Queste cifre erano già gonfiate gli altri anni quando, in condizioni normali, i saldi veri e propri duravano due giorni. Quest’anno non vedo nemmeno questi due giorni. Come detto i negozi sono in saldo da due mesi e con lo smart working la fretta di andare ad accaparrarsi un oggetto o un capo di abbigliamento non c’è. Chi ha le seconde case, inoltre, si è già trasferito. La città si è svuotata. Senza considerare una cosa: le persone spendono meno perché non hanno soldi. Se prima lo stipendio di un commesso che lavorare 20 ore a settimana era di 900 euro al mese e la sua cassa integrazione oggi è di 320 euro cosa vuoi che spenda?

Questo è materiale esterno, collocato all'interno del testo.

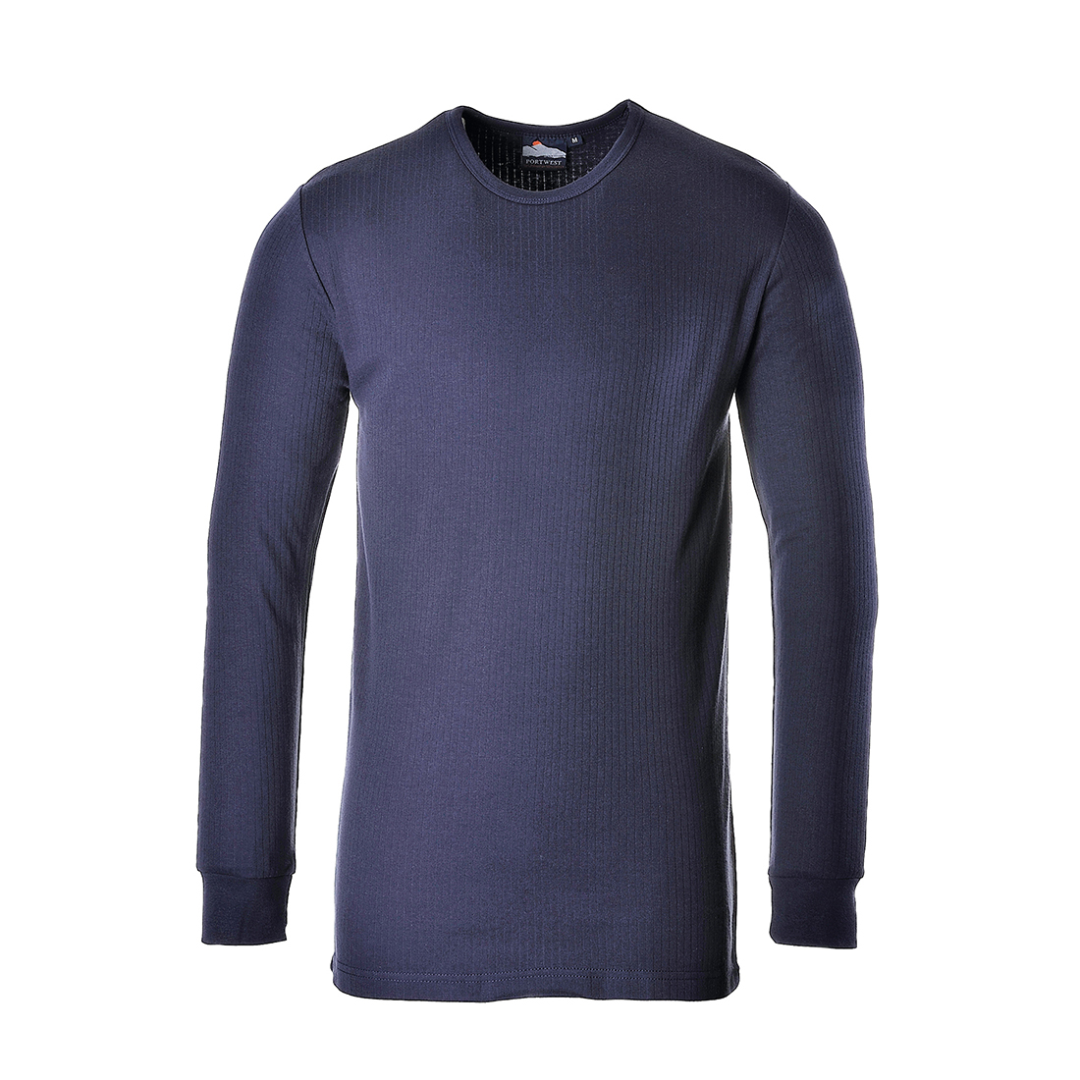 Portwest Thermisch T-Shirt Lange Mouw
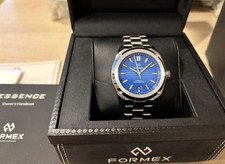 FORMEX Watch Essence 39 Earth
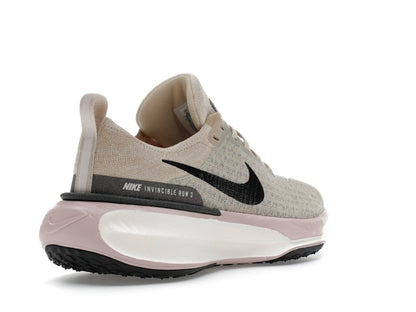 Nike ZoomX Invincible Run 3 Premium Sanddrift Pink Oxford Light Soft Pink Anthracite (Women's)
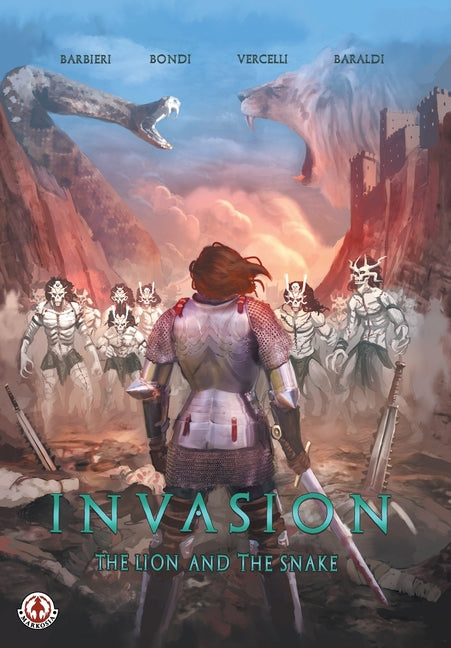 Invasion: The Lion and the Snake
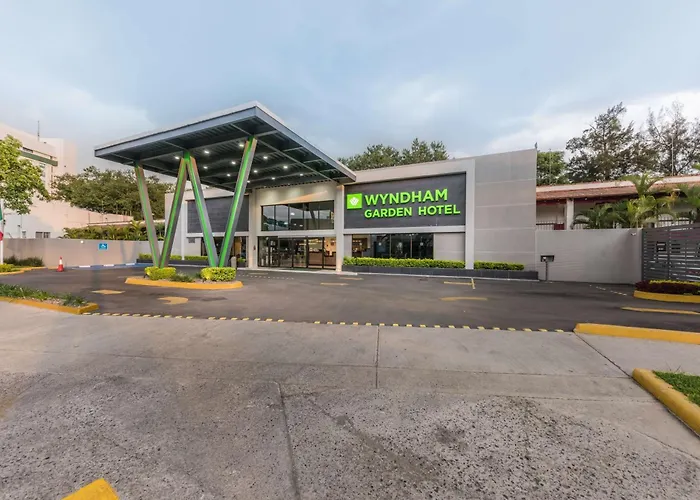 Wyndham Garden Guadalajara Expo Plaza Del Sol Hotel Zapopan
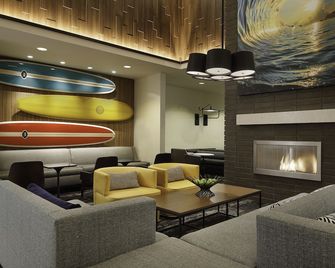 Hyatt Place Santa Cruz - Santa Cruz - Sala d'estar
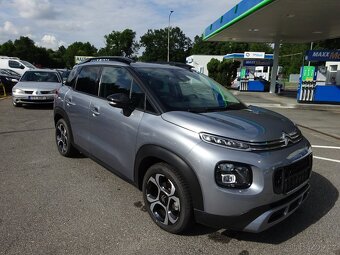 Citroën C3 Aircross 1.2 PureTech 96 kW,automat,Garance km - 3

Che soluzioni si possono mettere in campo?

La soluzione che noi piccoli commercianti abbiamo trovato è, prima di tutto, quella di riunirci in un unico coordinamento per acquisire una coscienza di classe. Sotto la stessa sigla, Cais, riuniamo il commercio, l’artigianato e l’imprenditoria sociale. L’unione di queste differenze ci dà la forza di tentare un progetto di rinascita per Roma. Nei giorni scorsi abbiamo incontrato la sindaca Virginia Raggi e le abbiamo chiesto l’apertura di un tavolo, di un osservatorio permanente sul commercio, per elaborare una progettualità futura che garantisca uno sviluppo economico. La sindaca ha accettato e speriamo che l’invito arrivi al più presto.

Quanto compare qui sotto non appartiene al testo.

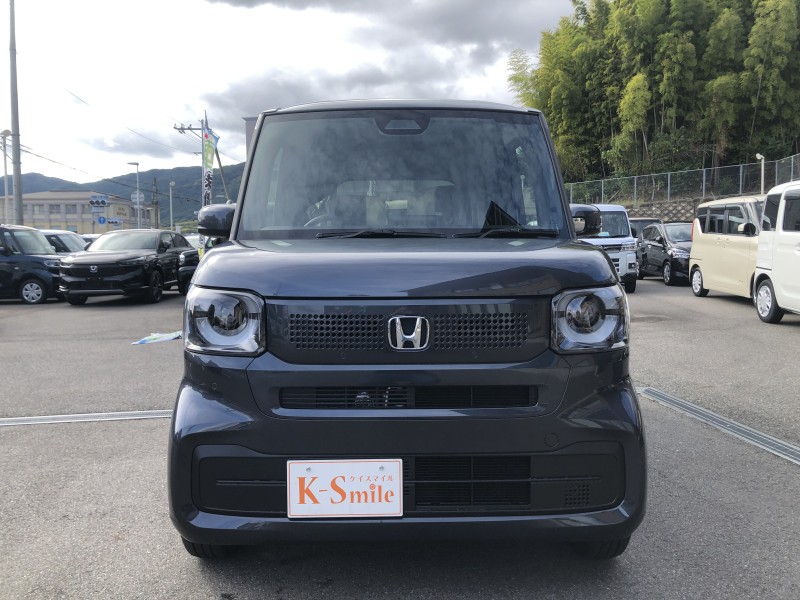ホンダ N BOX 1枚目
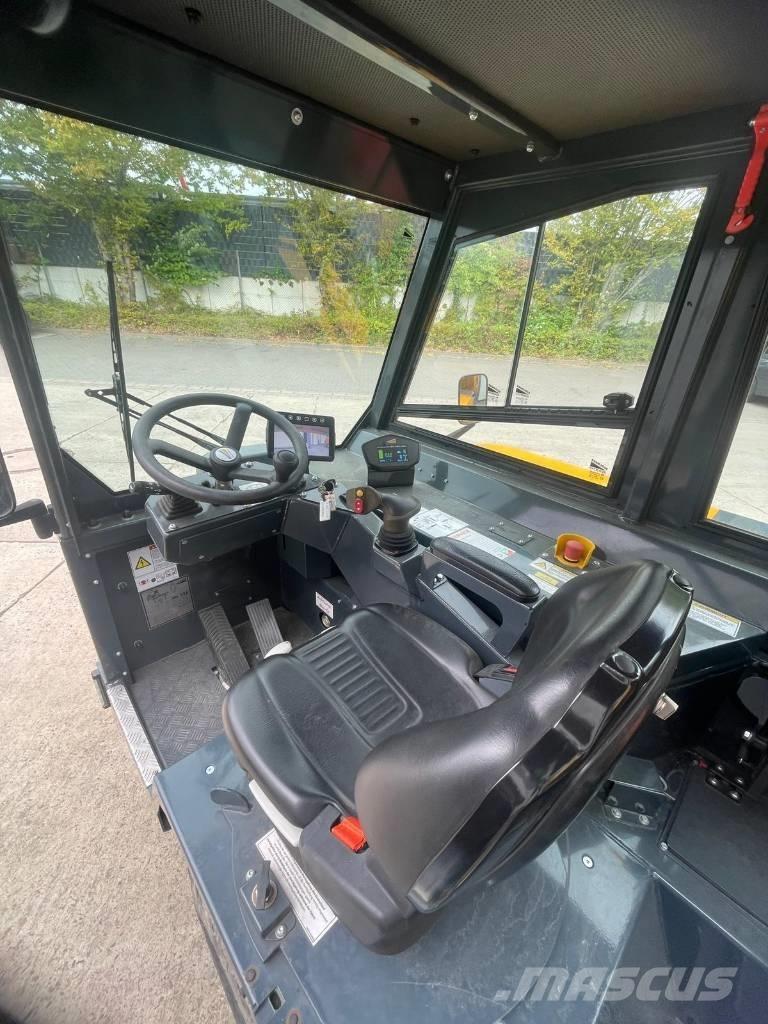 Bergmann C 804 E/A Belden kirma kaya kamyonu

Nei mesi scorsi avevate lanciato l’iniziativa la ‘Via degli Chef’, un evento culinario da vivere in strada poi saltato a causa del Coronavirus. Avete in programma di riprenderlo nei prossimi mesi?

Noi lo vorremmo confermare a settembre. Ovviamente non sarà possibile farlo come l’avevamo pensato e dovremo rispettare tutte le normative previste dalla regione per gli eventi pubblici. Andrà ridimensionato. Stiamo aspettando ancora che il municipio ci dia indicazioni in merito. Abbiamo in programma una seconda iniziativa per novembre, il Festival del cioccolato, ma se il municipio non ci dà indicazioni siamo bloccati. Lo abbiamo detto anche alla sindaca: Roma potrà rinascere solo ripartendo dai territori.

Da piccola commerciante che consiglio dà ai cittadini per i loro acquisti?

Il Covid 19 ci ha insegnato che il negozio di vicinato è stata una luce in un territorio desolato e ha permesso alle persone che non potevano uscire di casa di avere la spesa. Tantissime attività sono rimaste aperte e nessuno si è preoccupato dell’incolumità delle persone che hanno continuato a lavorare per fornire un servizio. Ricordiamoci delle persone che hanno lavorato per noi e apprezziamo queste realtà che tengono i quartieri illuminati e sono presidi di sicurezza sui territori.